The district court began its analysis by noting that “[t]he purpose of Rule 68 ‘is to encourage settlement and avoid litigation.’” Stewart, at 385 (quoting Marek v. Chesny, 473 U.S. 1, 5 (1985)). Rule 23 class actions, by contrast, serves to vindicate important constitutional and statutory rights by permitting individually small damage claims to be grouped together so that the amount of money involved is worth the fight. Id. Or as the Supreme Court put it, “Where it is not economically feasible to obtain relief within the traditional framework of a multiplicity of small individual suits for damages, aggrieved persons may be without any effective redress unless they may employ the class-action device.” Deposit Guar. Nat’l Bank v. Roper, 445 U.S. 326, 339 (1980). The district court observed at page 385, “The great weight of federal authority holds that a Rule 68 offer of judgment cannot moot the named plaintiffs’ claims after a motion for class certification has been filed.” (Citations omitted.) To hold otherwise would permit defendants to “unilaterally control whether the district court ever heard the certification motion,” id., at 385-86 Moreover, “Although courts are somewhat more divided about the effect of a Rule 68 offer before a class-certification motion has been filed, most have endorsed the view that the settlement offer will not moot the named plaintiffs’ claims so long as the plaintiffs have not been dilatory in bringing their certification motion.: Id., at 386 (citations omitted). After summarizing the reasons behind the majority view, the district court adopted that rule and held, further, that plaintiffs had not been dilatory in seeking class action certification. Id., at 386-87. Accordingly, the district court granted plaintiffs’ motion to strike the Rule 68 offer of judgment, id., at 387.

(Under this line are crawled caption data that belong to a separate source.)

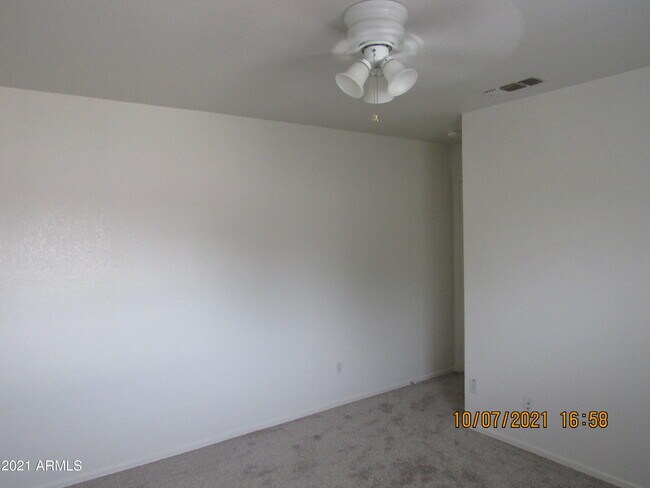 Building Photo - 2311 E Hazeltine Way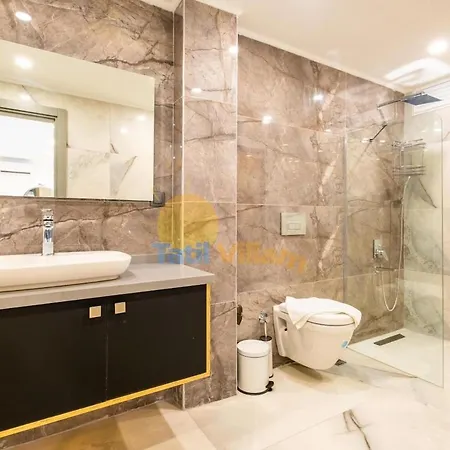 Very Luxurious Turkuaz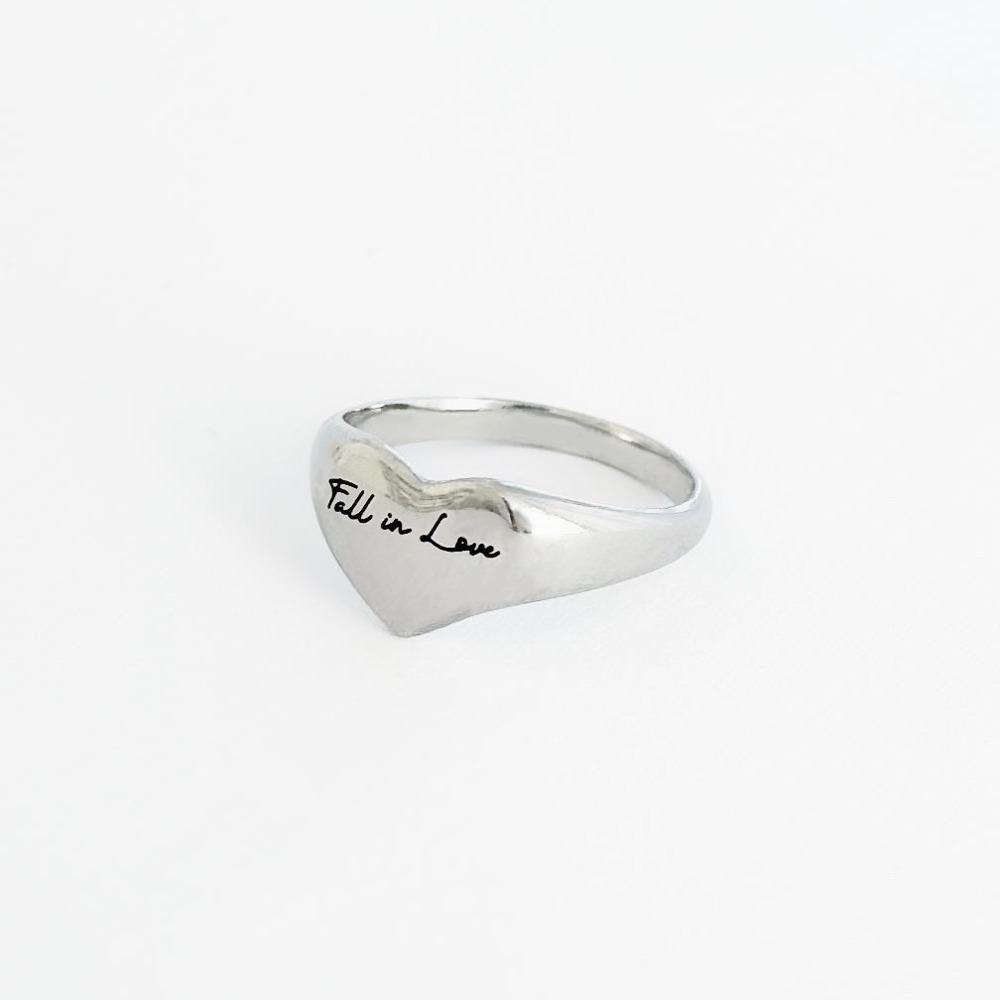 Fall in love heart ring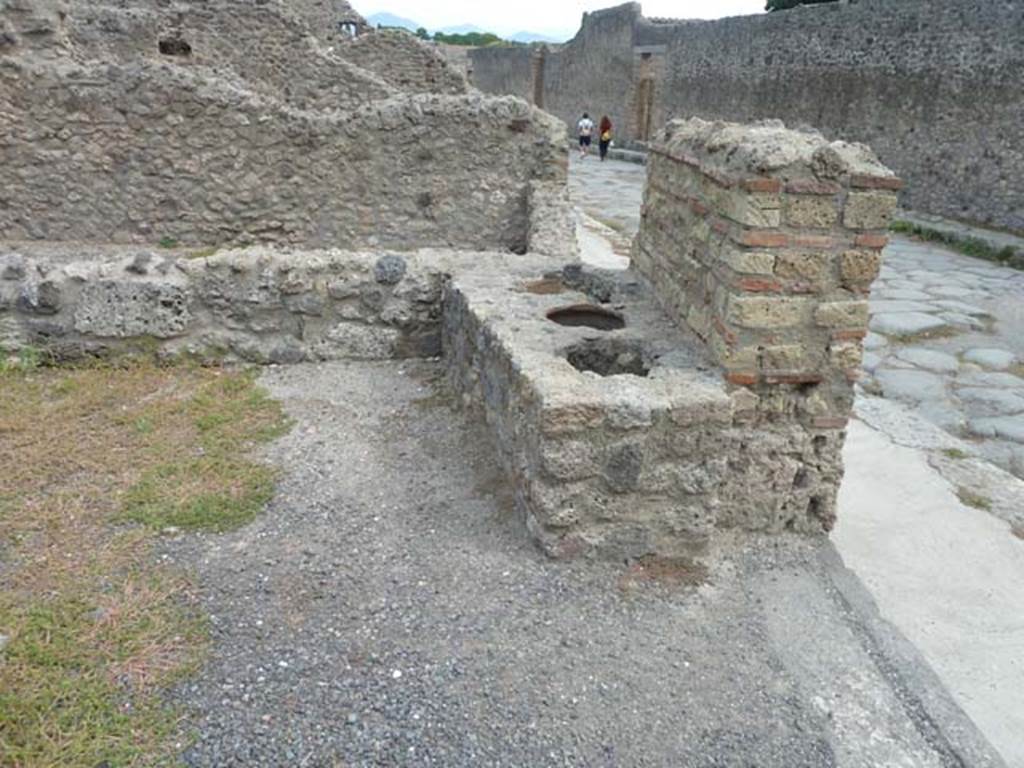 VIII.4.40 Pompeii. September 2015. Looking towards south-east corner.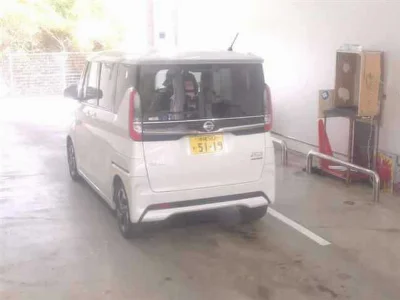 NISSAN ROOX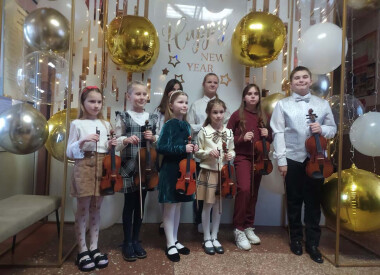 Академічний концерт учнів молодших класів на струнно-смичковому відділі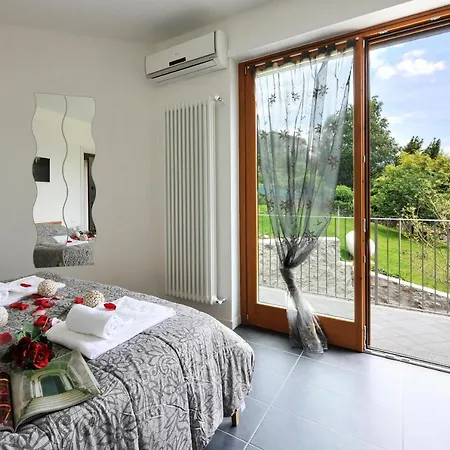 Sleeps 5 Pool Air Con Apartment Domaso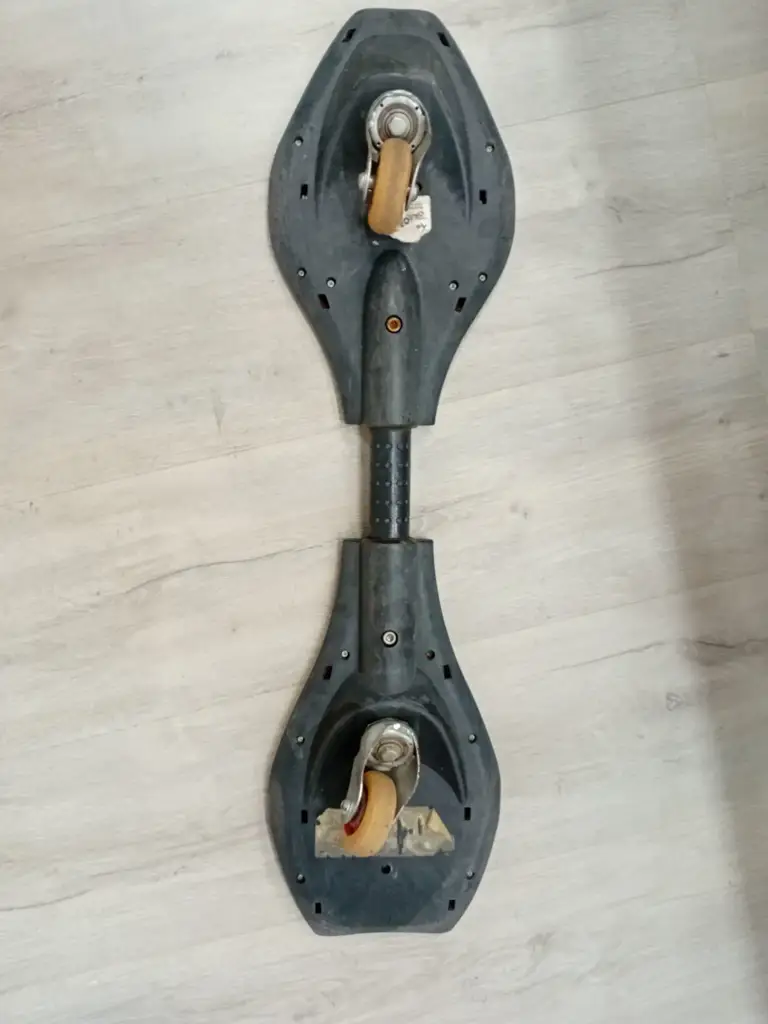 J-Board Skate Board - View 3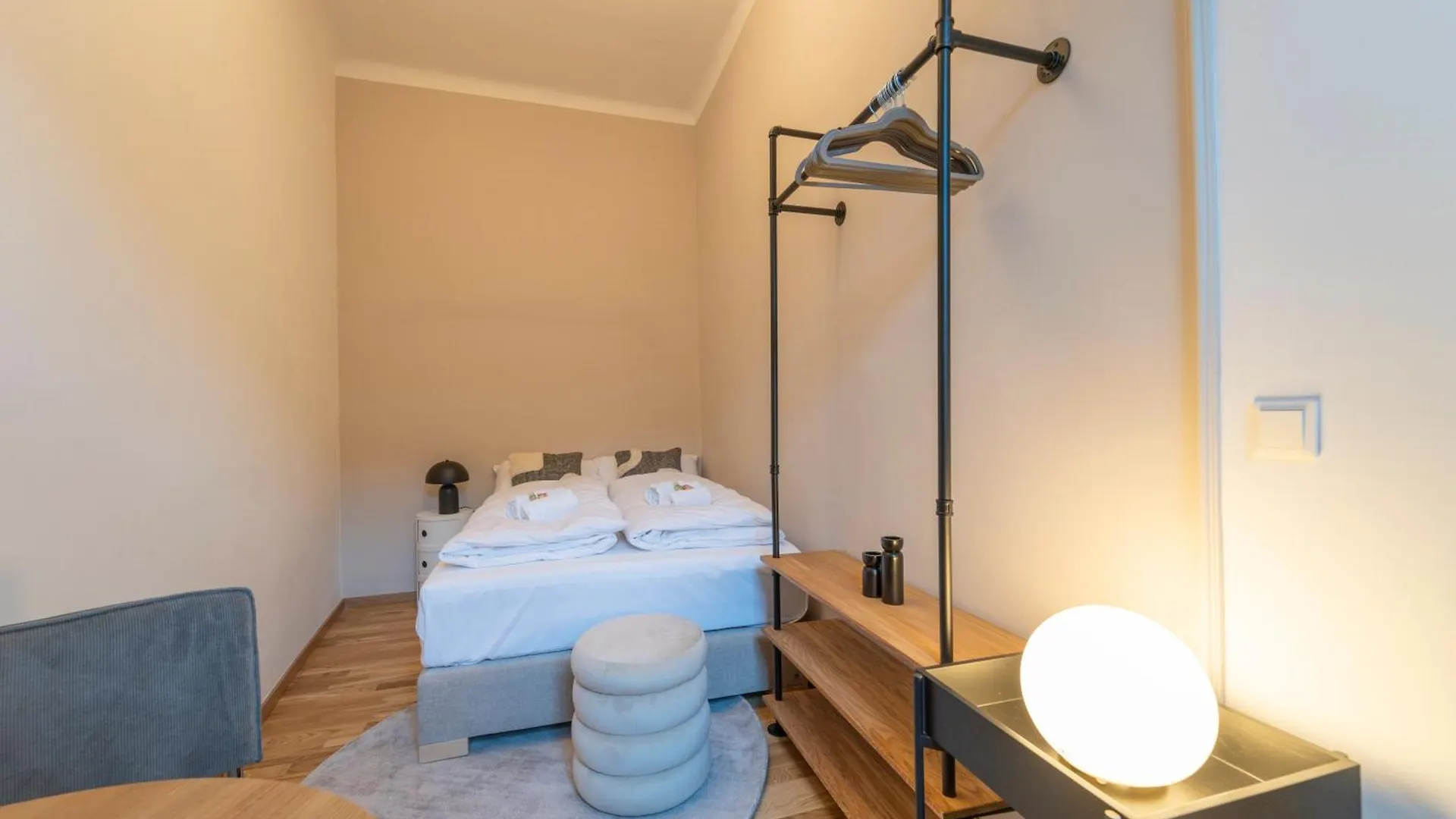 Urban Living - Apt3 Vienna Austria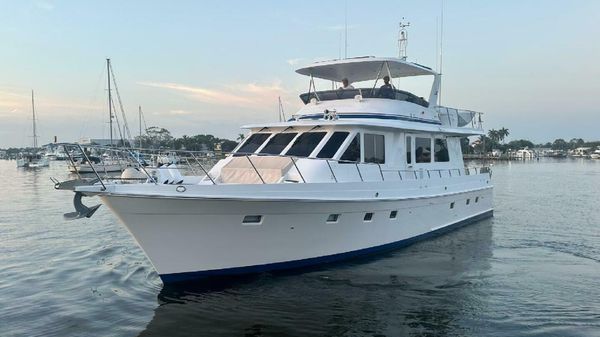 Offshore Yachts 62 Flushdeck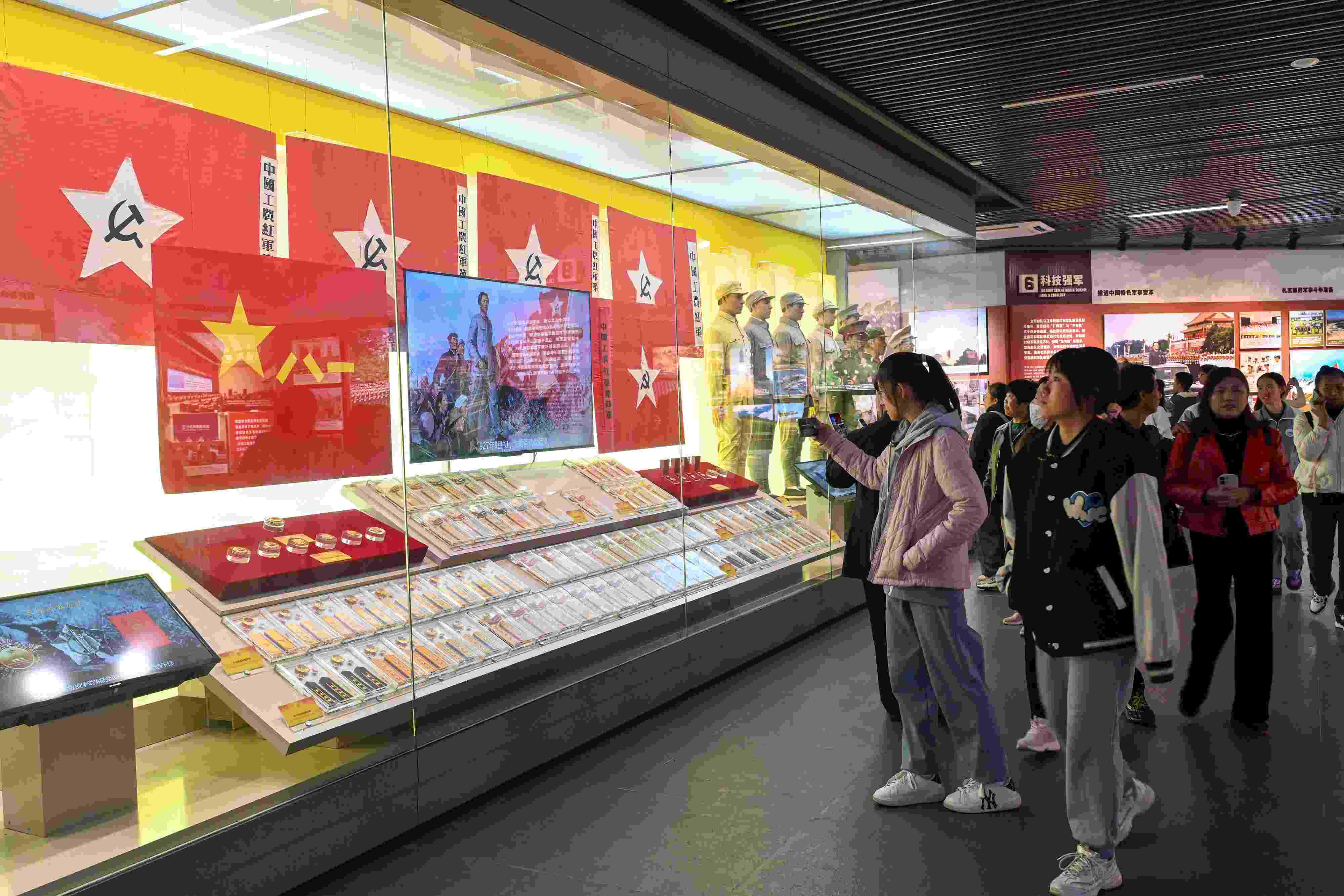 2023年11月15日，游客游覽參觀南昌八一起義紀(jì)念館，感受體驗(yàn)紅色文化的教育。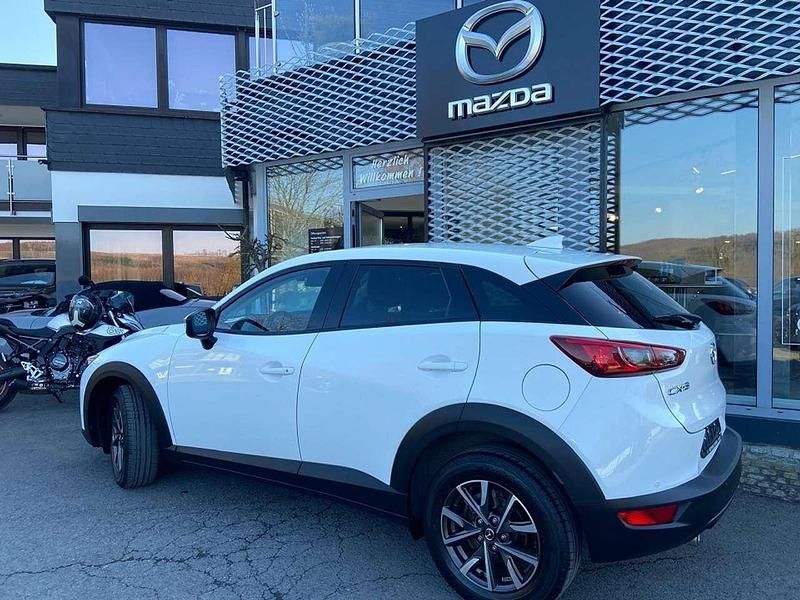 Gebraucht Mazda CX-3 Center-Line 121 PS (88 kW) 2019 Purweiß SUV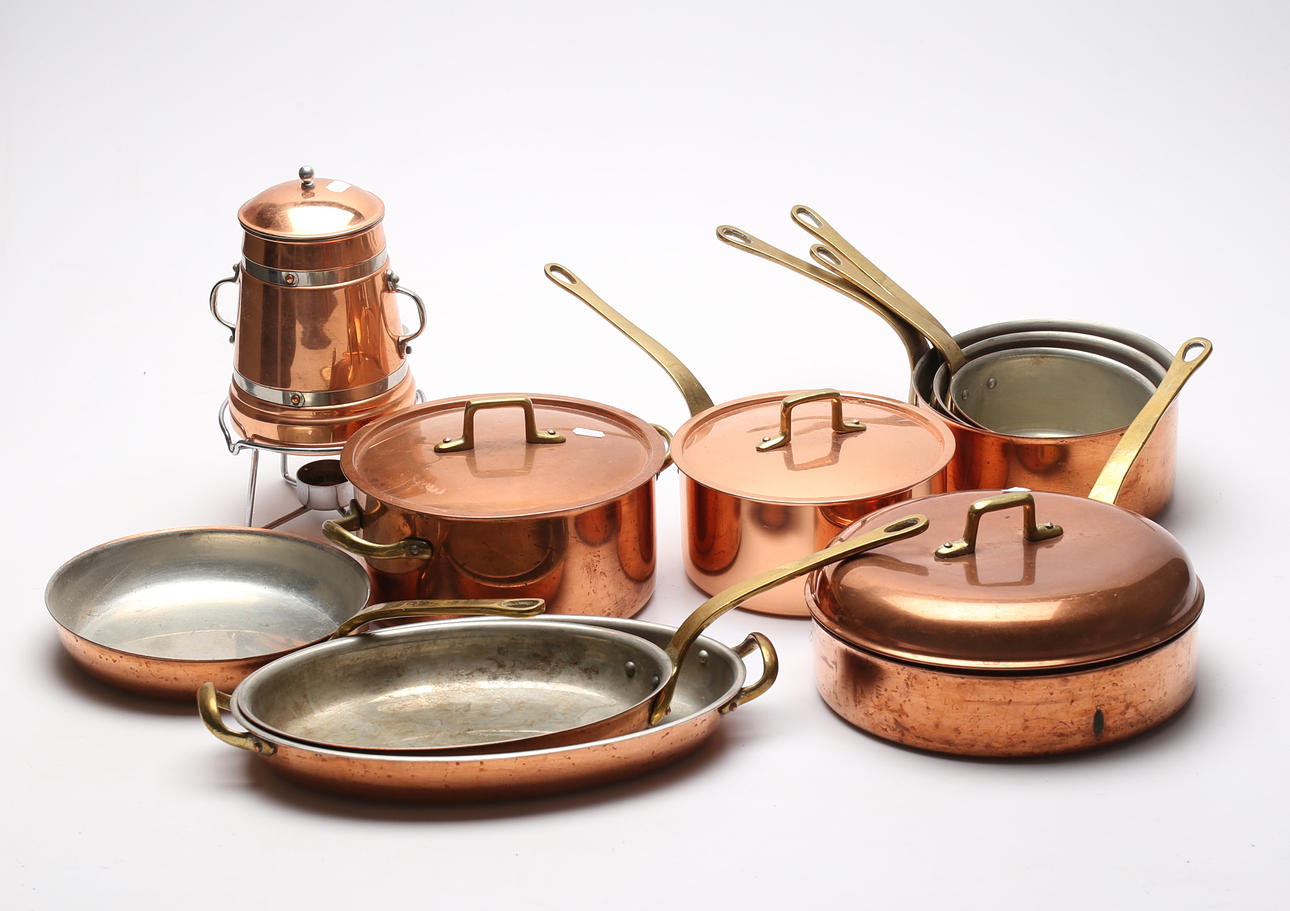 COPPER OBJECTS, 10 parts, including the Krögarhuset.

NOTE: FRCP Rule 68 provides in pertinent part, “[A] party defending against a claim may serve on an opposing party an offer to allow judgment on specified terms, with the costs then accrued…. If the [offer is refused, and the] judgment that the offeree finally obtains is not more favorable than the unaccepted offer, the offeree must pay the costs incurred after the offer was made.”